--- What the exercise asks ---
In the data below, find the line with "Druh listu, který" and the line with "داستانهای شاهنامه فردوسی (ترمو،برجسته،باقاب)", then restate both and every line between them exactly, minus the pictures.

START Study material

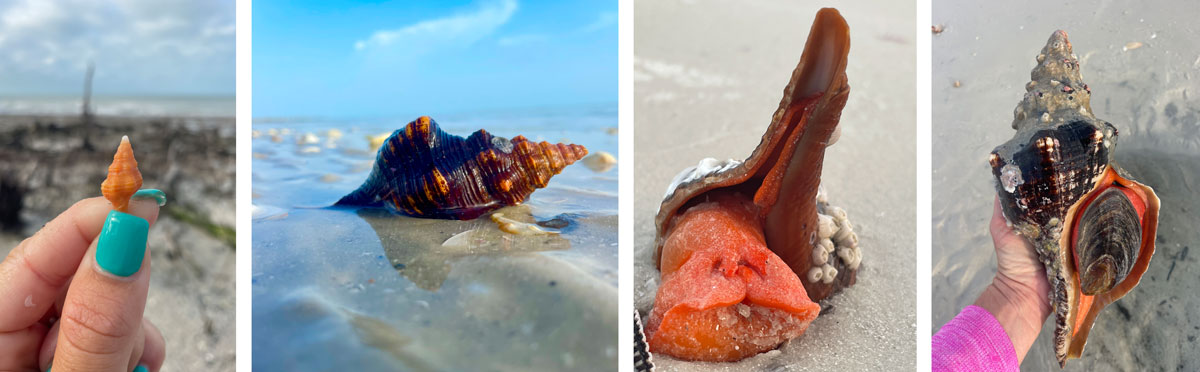 life cycle of a florida horse conch from egg to mature adult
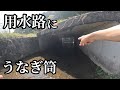 近所の水路と川にうなぎ筒を仕掛ける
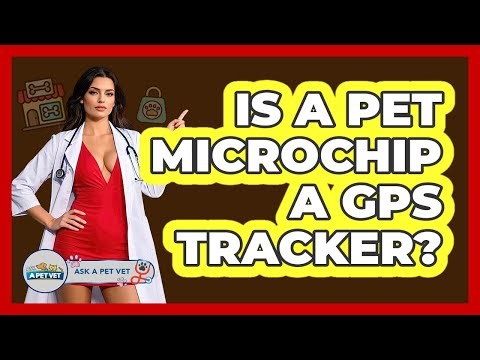 Is A Pet Microchip A GPS Tracker? - Ask A Pet Vet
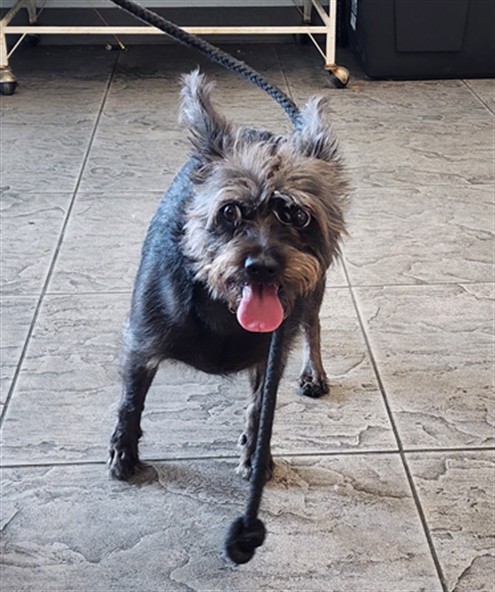 Shelter Stray Female Dog last seen , 11361 W Pico Blvd, Los Angeles, CA 90064, USA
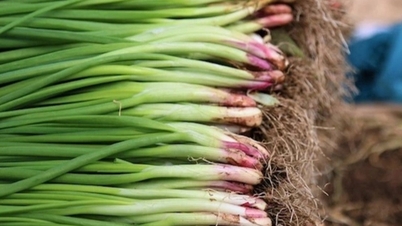 Druh listu, který na vietnamských trzích stojí „několik tisíc za hrst“, je nepřítelem rakoviny trávicího traktu.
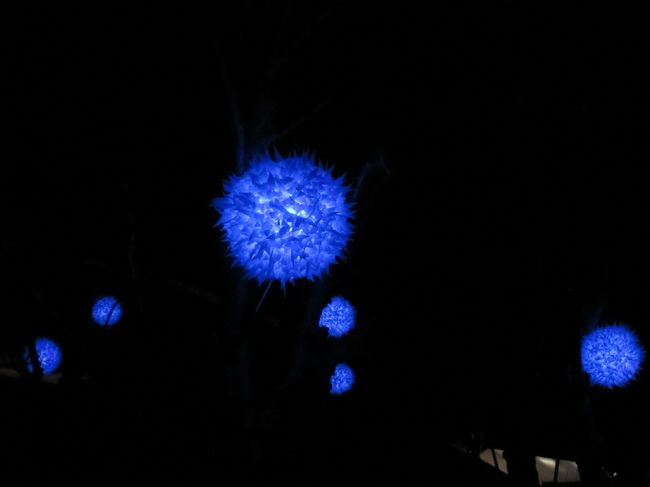 闇夜に浮かぶ蒼い球体はいったい?<br /><br />新公会堂の庭園を出て見たこの蒼い球体とっても気に入ったのでした。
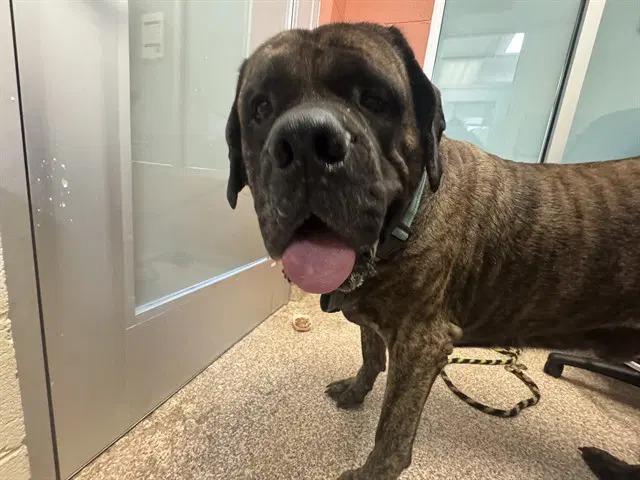 Gus - Mastiff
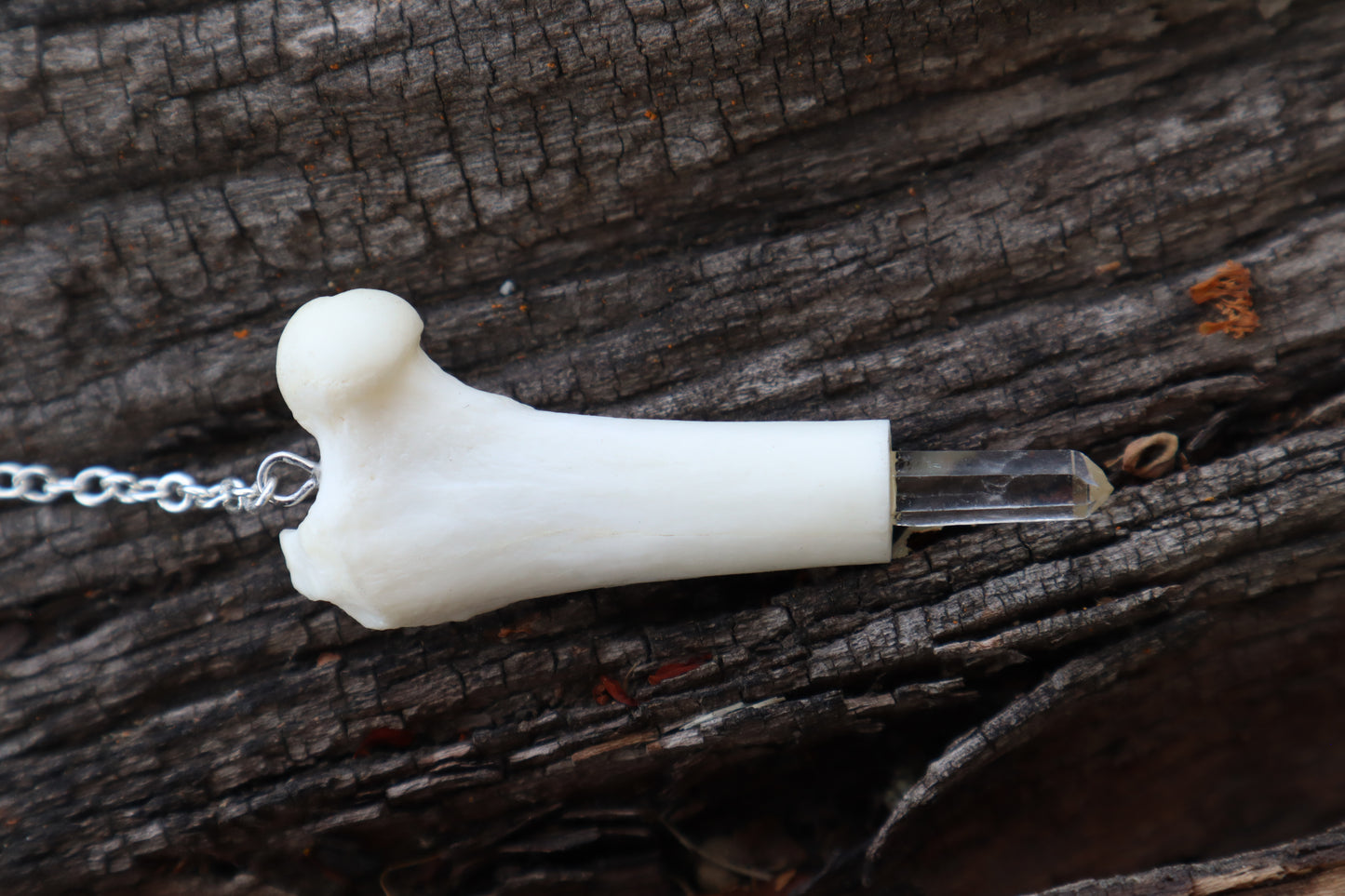 Domestic Cat Femur Pendulum with Ouroboros Ring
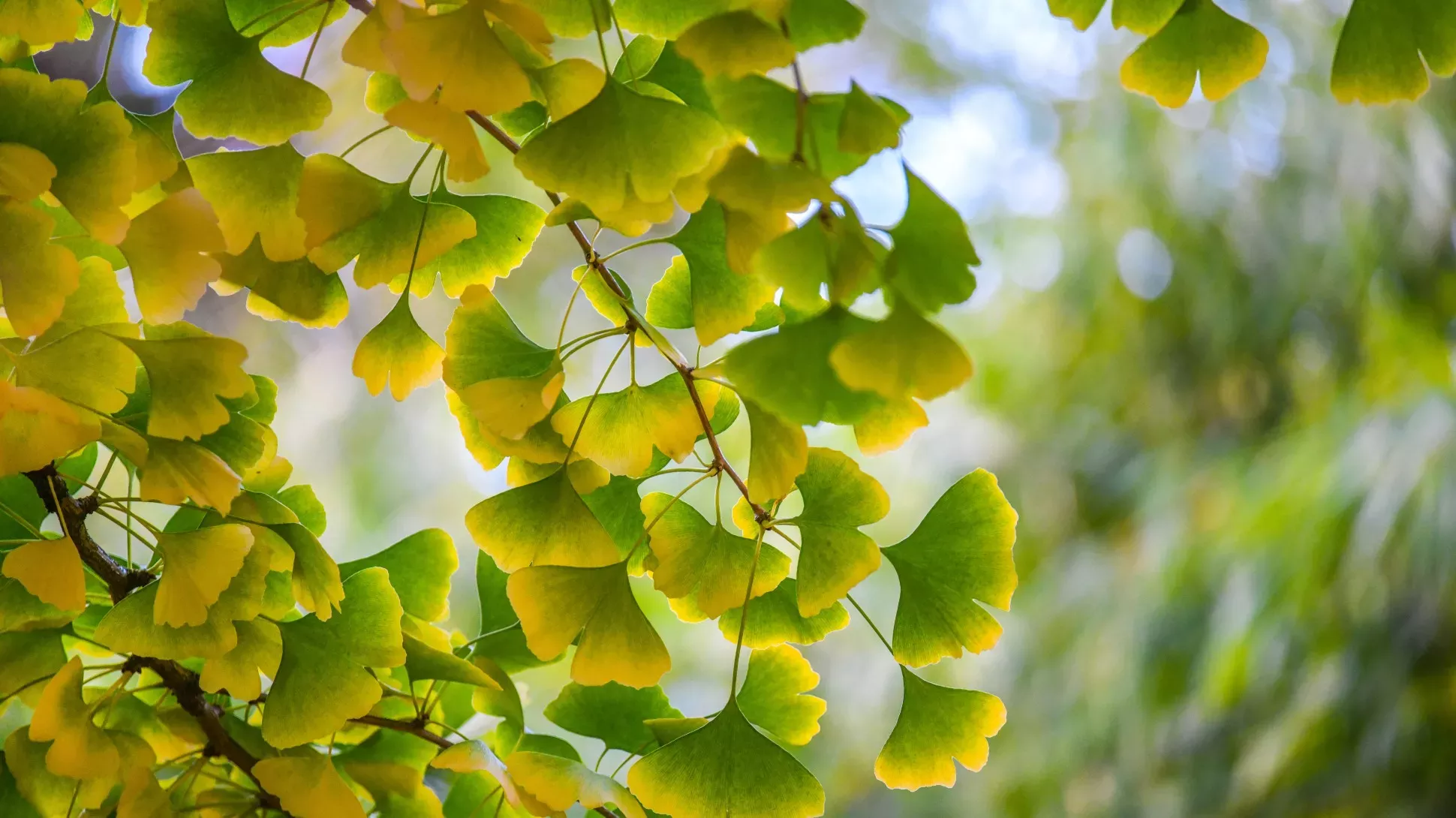 Ginkgo biloba (7)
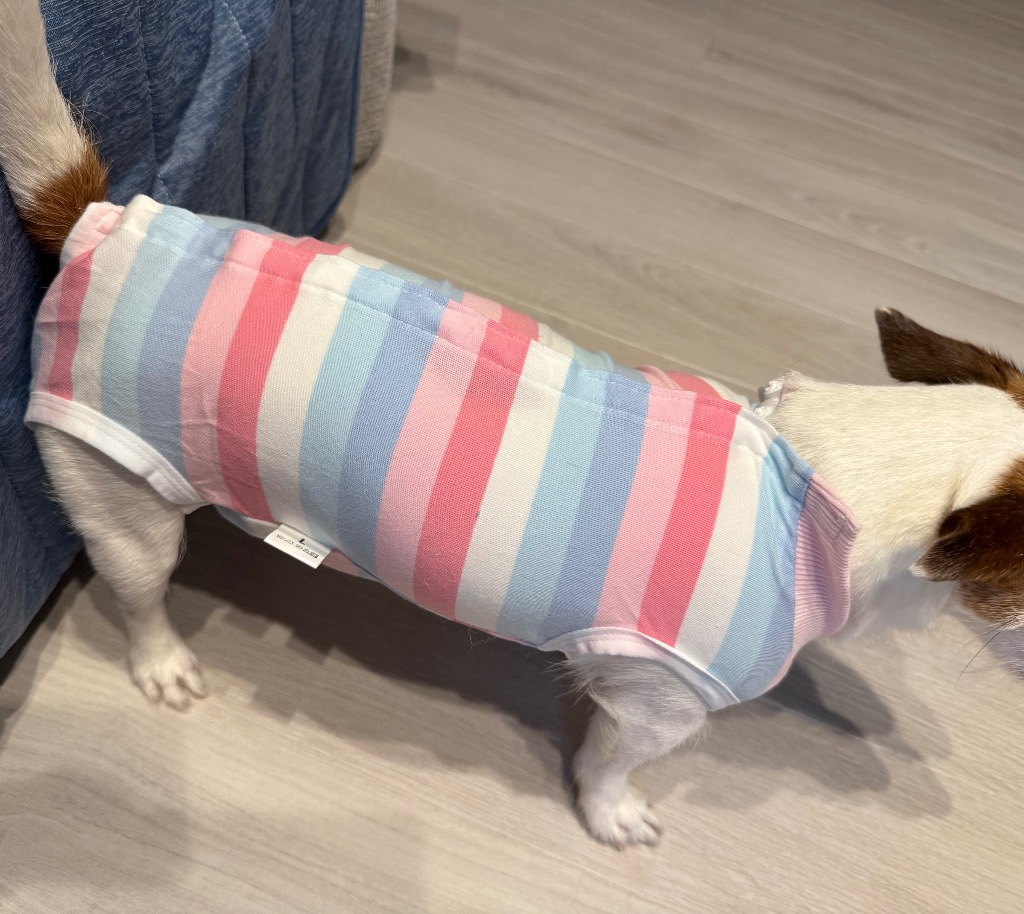 全体のレビュー画像 | 5-0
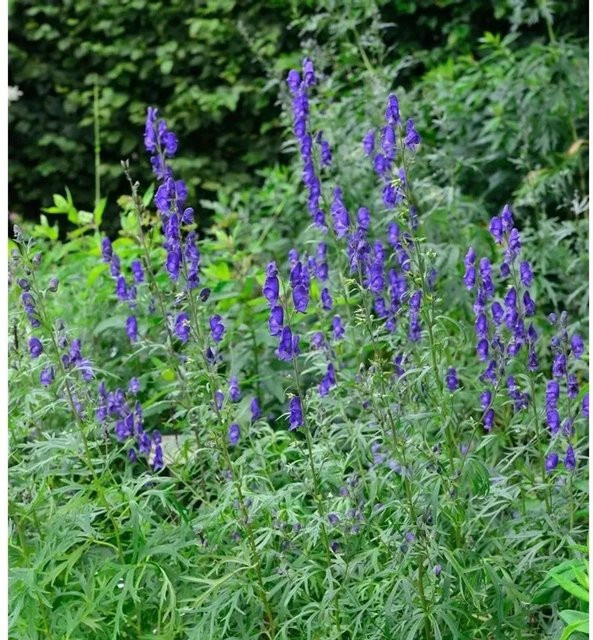 Aconitum napellus Eisenhut Blau als mehrjährige Zierstaude von Die Nr-01.de - Bild 1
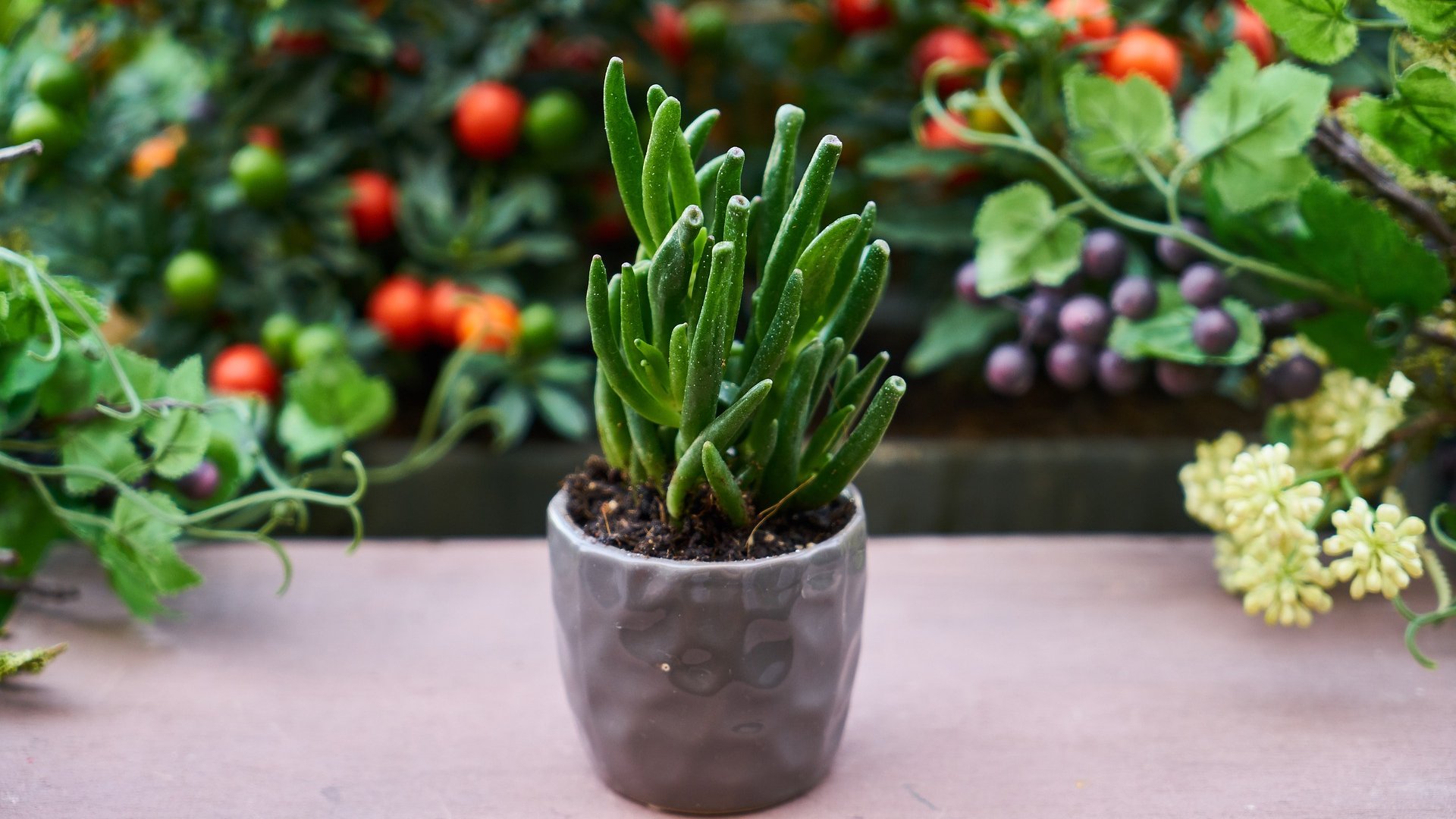 A legtökéletesebb virágcserép!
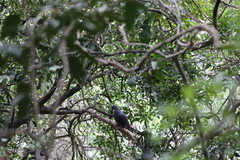 Ducula goliath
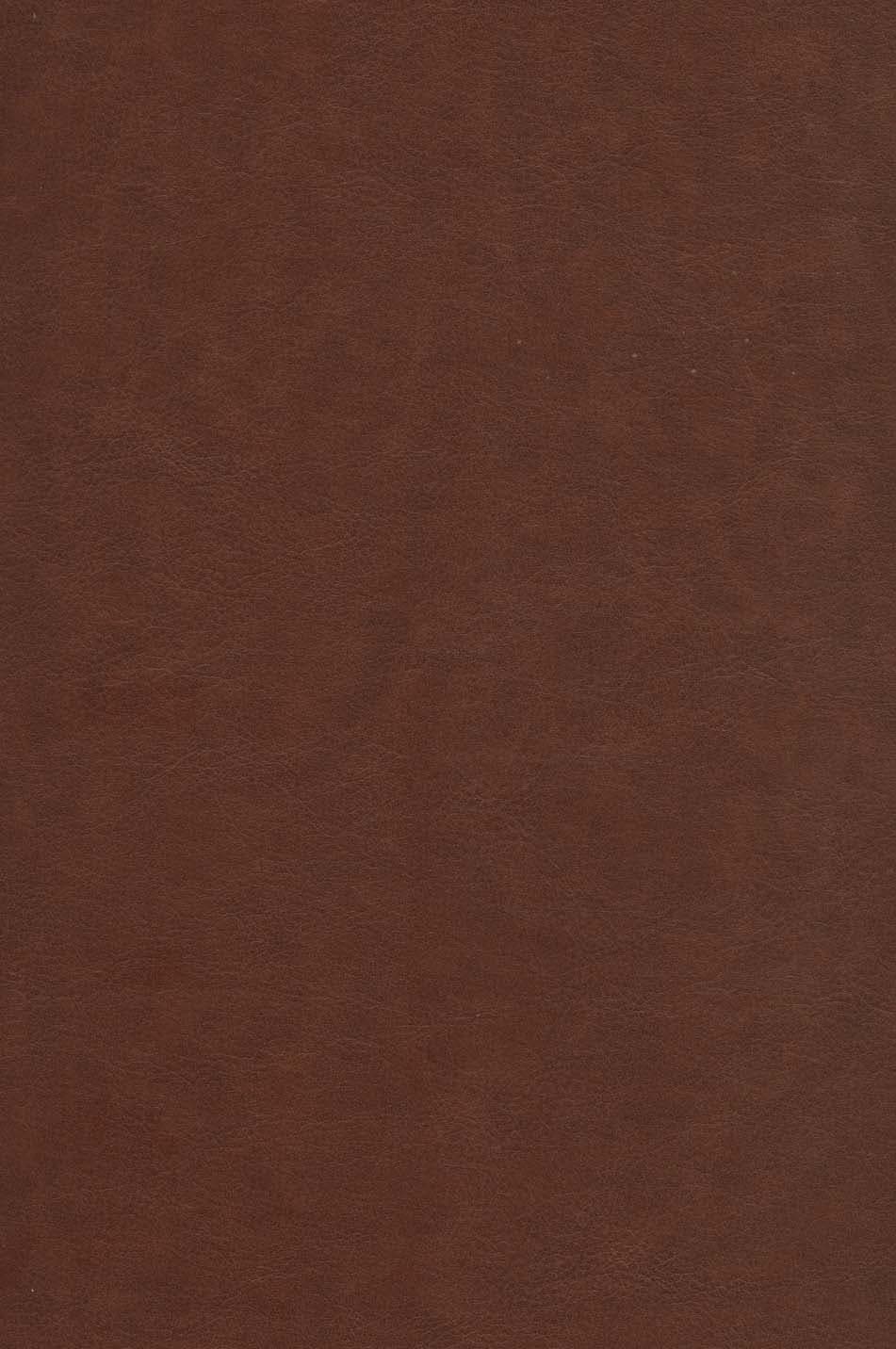 داستانهای شاهنامه فردوسی (ترمو،برجسته،باقاب)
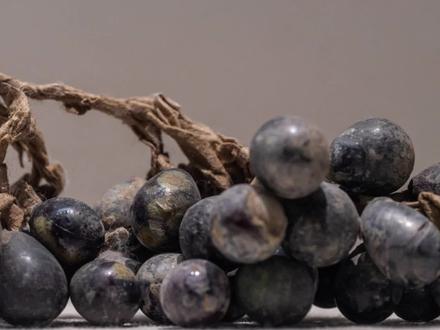 食物真的能千年不腐?到底是怎么保存的?#食物保存技巧 #葡萄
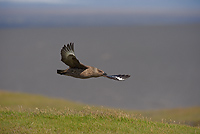 Great Skua, (Stercorarius skua), Iceland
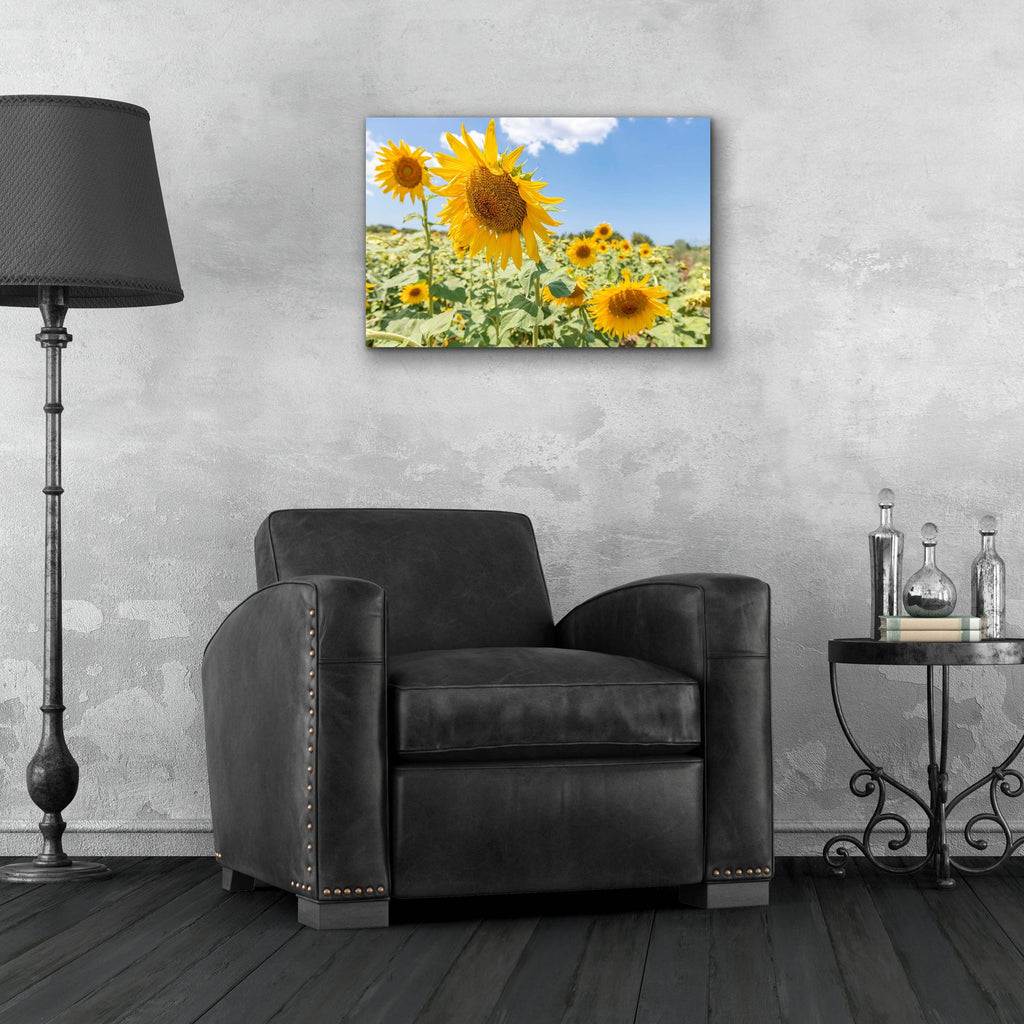 Epic Art ' Sunflowers I' by Richard Silver, Acrylic Glass Wall Art,24x16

END Study material

--- Task output ---
 Druh listu, který na vietnamských trzích stojí „několik tisíc za hrst“, je nepřítelem rakoviny trávicího traktu.
 闇夜に浮かぶ蒼い球体はいったい?<br /><br />新公会堂の庭園を出て見たこの蒼い球体とっても気に入ったのでした。
 Gus - Mastiff
 Domestic Cat Femur Pendulum with Ouroboros Ring
 Ginkgo biloba (7)
 全体のレビュー画像 | 5-0
 Aconitum napellus Eisenhut Blau als mehrjährige Zierstaude von Die Nr-01.de - Bild 1
 A legtökéletesebb virágcserép!
 Ducula goliath
 داستانهای شاهنامه فردوسی (ترمو،برجسته،باقاب)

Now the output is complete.